While the Samsung trial has given us insight into internal emails that discuss Jobs’s “receptiveness” to such a product, this is looks like e-heresay, and should be taken for little more than that. We’ll choose to believe the words actually spoken by the man, pre-humous.

The point is this: Steve Jobs was against the idea of an iPad Mini not only because of its questionable functionality, but more importantly, because it wouldn’t create its own market, separate from those occupied by iPhone and iPad users. An iPad Mini looks to be simply a rehashed version of an already successful product, not something that is truly groundbreaking. Likewise, the words “iPad Mini” could be replaced with iPhone 5 in this sentence, and its meaning would be all the same. Until Tim Cook can deliver a product that is truly worthy of his mentor’s legacy, bears can continue to be concerned about the company’s innovativeness going forward.

4) Partners no longer want to play by the “Steve Jobs Rules” anymore.
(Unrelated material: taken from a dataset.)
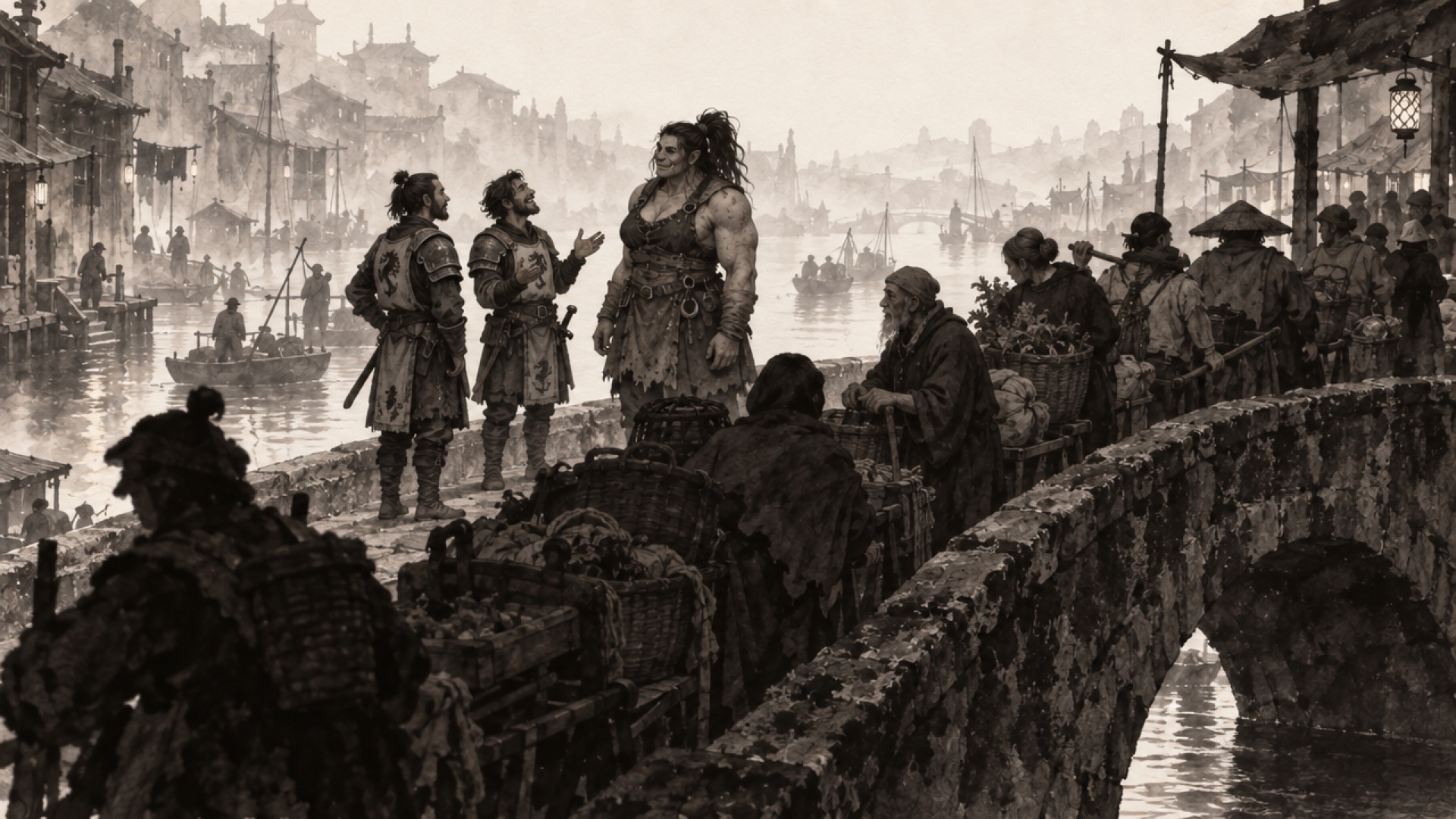 The Fishmarket bridge at dawn: Kag and two of the Baron's men, with the carts stopped behind them.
As we originally discussed in our exploration of Apple’s potential valuation, the company is primed for a deal with China Mobile, which has 700 million subscribers ripe for the picking. One potential hiccup over such an agreement, however, is the carrier’s refusal to play by the so-called Steve Jobs Rules. According to Ubergizmo, China Mobile “has requested that Apple Inc (NASDAQ:AAPL) give them a cut of the sales from the iTunes App Store,” a move which the company is understandably hesitant to make. In Jobs’s time as CEO, he was particularly skilled at maneuvering his way around partners’ demands. Historically speaking, Apple Inc (NASDAQ:AAPL) has not given even small portions of their sales to strategic partners, and a reversal of this strategy may set a less profitable precedent going forward.
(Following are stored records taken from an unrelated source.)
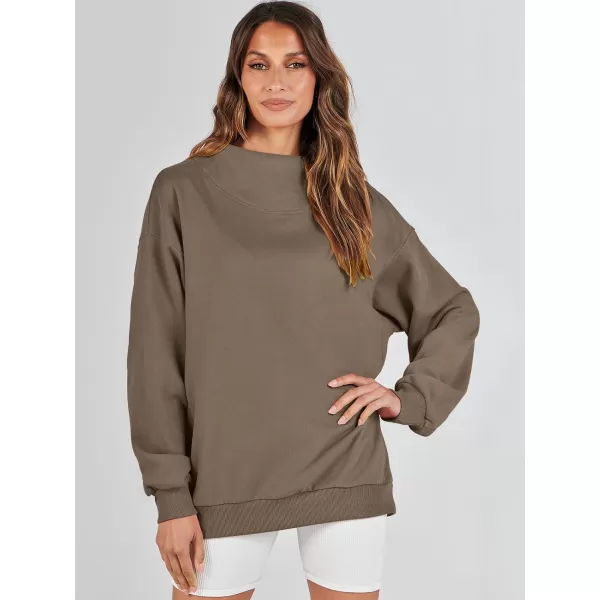 imageANRABESS Womens Oversized Sweatshirts Turtleneck Pullover Long Sleeve Hoodies Tops Fall Outfits 2023 ClothesBrown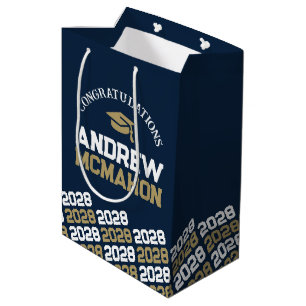 Navy Blue and Gold Graduation Class Year Medium Gift Bag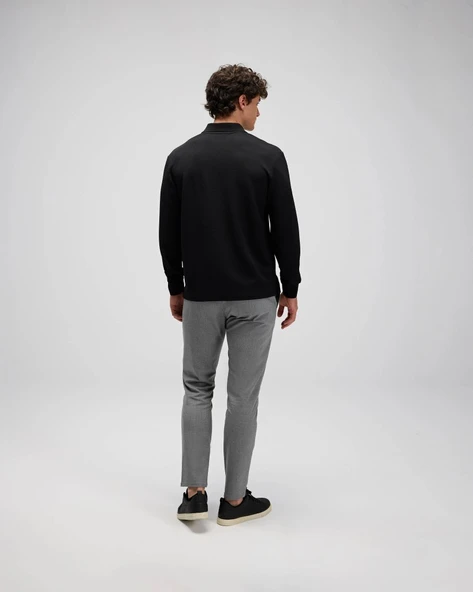 ELLESSE EM601-BK-BLACK-POLO SWEATSHIRT - Resim 4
5) In terms of book value, Apple’s shares are actually more expensive than Google or Microsoft.

While they do look attractive from an earnings and cash flow standpoint, shares of Apple Inc (NASDAQ:AAPL) are actually overvalued when using the price-to-book ratio. With a P/B of 5.6X, this metric indicates that the company is trading at a 10% premium to the computer systems industry’s average (5.1X). This overvaluation is stretched even further when looking at competitors like Google Inc (NASDAQ:GOOG), Microsoft Corporation (NASDAQ:MSFT), and Hewlett-Packard Company (NYSE:HPQ), which all trade at book multiples below 4. It’s notable that Apple’s current book valuation is the highest it has been since June of 2008, when shares traded at 7.5 times net assets. In the fifteen months following this peak, shares of Apple Inc (NASDAQ:AAPL) remained flat.

What does the hedge fund industry think?

Finally, it’s worth mentioning the hedge fund industry’s interest in Apple Inc (NASDAQ:AAPL). As discussed in our list of “5 stocks billionaires are crazy about,” Apple is the most popular stock among the richest fund managers. Over 40% of the billionaires we track had positions in the company at the end of June. Interestingly, the stock’s popularity amongst the world’s most successful money managers has not stopped bears like Philippe Jabre’s Jabre Capital Partners from buying a massive amount of put options over this same time. Other Apple contrarians include Ray Dalio (see Dalio’s full 13F portfolio here) and Bain Capital’s Brookside Capital, who have closed out their positions in the stock over the past year. Here’s a full look at hedge funds’ interest in Apple.

In short, we’re not recommending that any investor holding shares of Apple Inc (NASDAQ:AAPL) should dump them, but they should at least ask themselves this question: is the company on the same path to prosperity that it was when Steve Jobs was CEO? If the answer to that question is “no,” then it may be useful to at least temper expectations over the long run. In the race to a market capitalization of $1 trillion, there may be better options to look into.

Disclosure: No positions in Apple Inc (NASDAQ:AAPL) or any other stock mentioned in the article.